To prove this theorem, we need the following lemmas.

\begin{lemma} \label{lem2.1}
Let {\rm (D1)} hold and $u(r,x_n)$ be a positive weak $C^1$-solution
of the inequality
\begin{equation}
-(u_{rr}+u_{x_nx_n})\geq u^{p}-M|\nabla
u|^{\tau}+\frac{n-2}{r}u_{r},\label{e2.2}
\end{equation}
 where $1<p$ and $0<\tau<2p/(p+1)$.  Take $\gamma\in (0,p)$
and $\mu\in (0,\frac{2p}{p+1})$. Denote by $B_{2R}$ a ball of radius
$2R$ contained in $\Omega$, where $R<R_0$ and $R_0$ is a
positive constant.

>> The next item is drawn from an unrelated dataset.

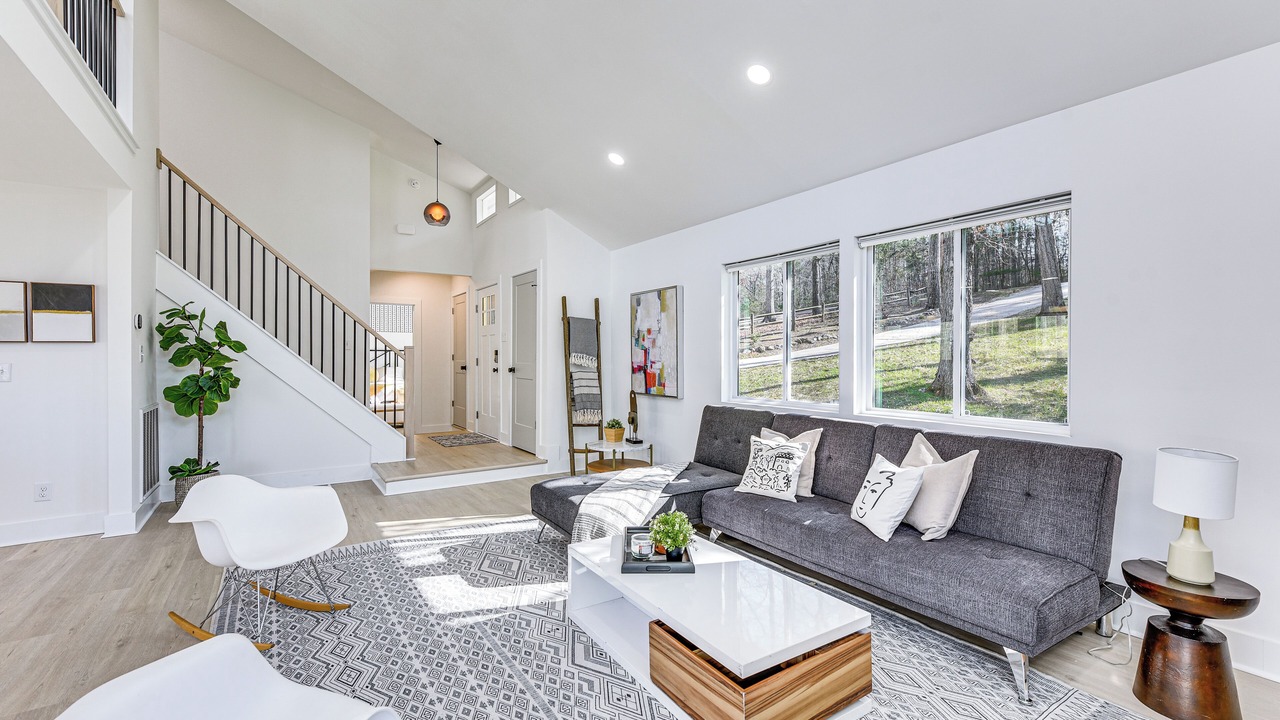 Photo of Livingroom in Troy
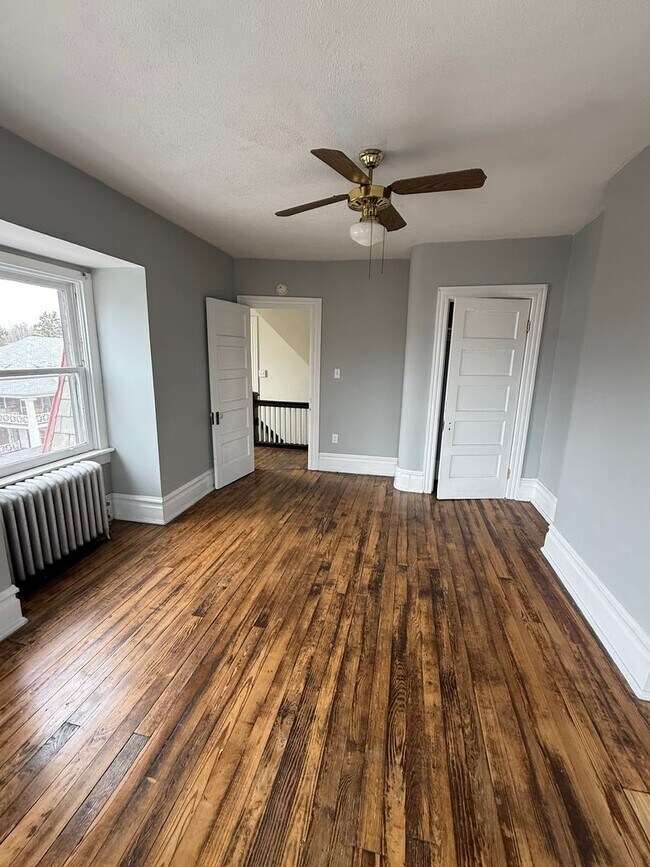 Building Photo - 49 W Commerce St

Then there exists a  positive constant 
$C=C(p,\gamma, \mu, R_0)$ such that
\begin{gather}
\int_{B_{R}}u^{\gamma}\leq CR^{2-2\gamma/(p-1)},\label{e2.3} \\
\int_{B_{R}}|\nabla u|^{\mu}\leq CR^{2-(p+1)\mu/(p-1)}.\label{e2.4}
\end{gather}
\end{lemma}

\begin{proof}
  We can assume that $B_{R}$ is centered at $x_0\in \Omega$ and 
 first focus on proving \eqref{e2.3}. Let $\xi$ be  a $C^2$-cut-off
function  on $B_{2}$ satisfying:
\begin{enumerate}
\item $\xi(x)=\xi(|x-x_0|)$, $0\leq|x-x_0|\leq 2$.

\item $\xi(x)=1$ for $|x-x_0|\leq 1$.

\item $\xi$ has compact support in $B_{2}$ and $0 \leq \xi \leq 1 $.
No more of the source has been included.